Plenty of evidence on MN (as current as it's possible to get) that many do not realise that this remains the case.

So many women who didn't understand how vulnerable they have made themselves, having put their ability to earn a living on hold in order to have DC with someone, without any legally enforceable contract such as marriage to provide some protection

Others from women who find themselves the financially stronger partner, whose circumstances are very different.

Marriage was, is and always will be as much a business contract as an outward sign of love between two people

CaptainMyCaptain · 23/09/2020 08:22

I think @Pipandmum's daughter needs a history lesson in how women in the 21st Century came to this happy situation (and it is still not so happy for everyone) and how marrying 'for love' is luxury that was denied to both men and women throughout most of human history.

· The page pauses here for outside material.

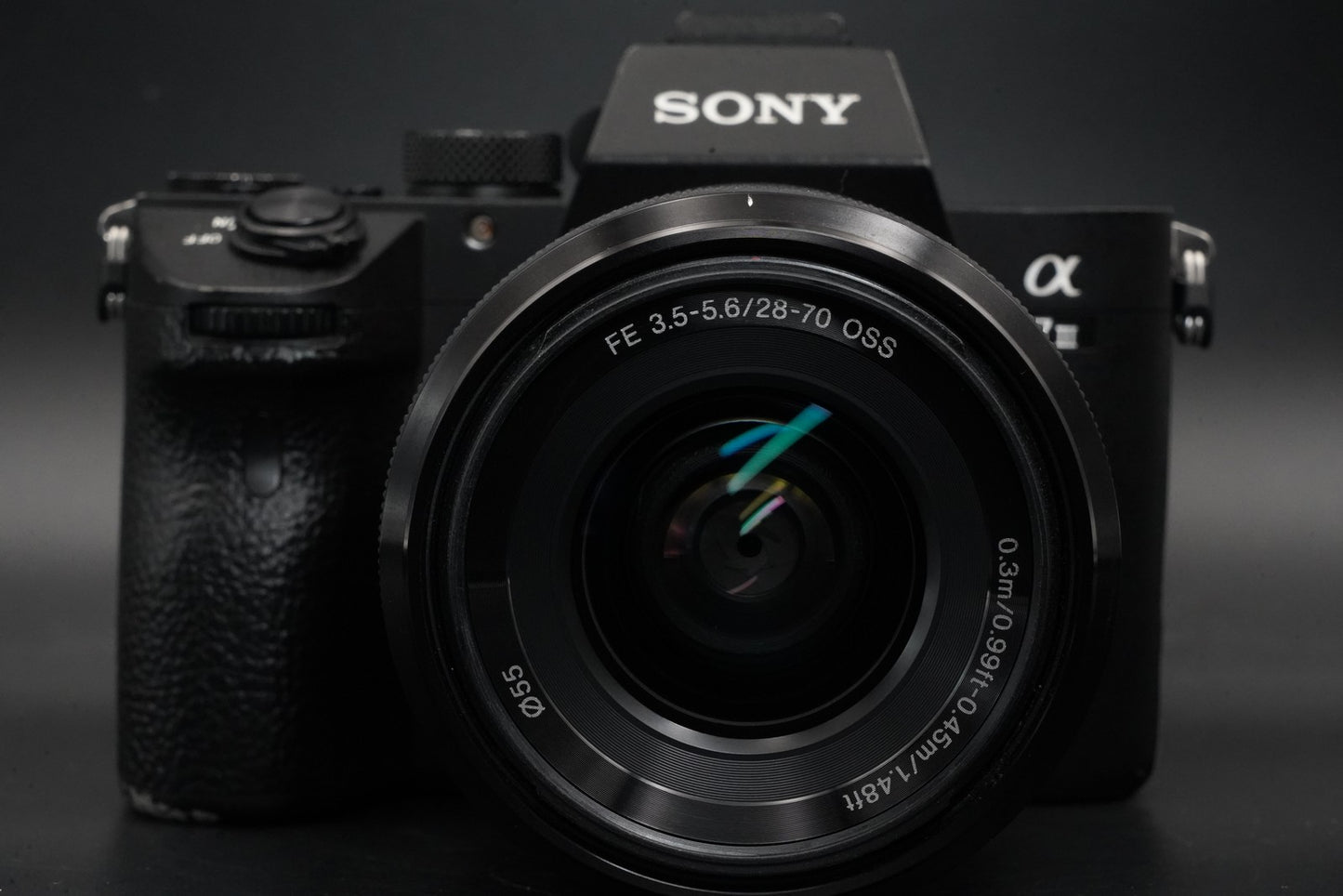 Sony Alpha a7 III ILCE-7M3 Mirrorless Digital Camera w/ FE 28-70 Lens 10825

CaptainMyCaptain · 23/09/2020 08:22

Perhaps Pride and Prejudice was a good place to start.

SallySeven · 23/09/2020 08:56

I may not be completely up to date but certainly until very recently its been the case that dukedoms in the aristocracy go to a male heir not the eldest child .

Hence the Duke of Westminster was the youngest but inherited as he has older sisters.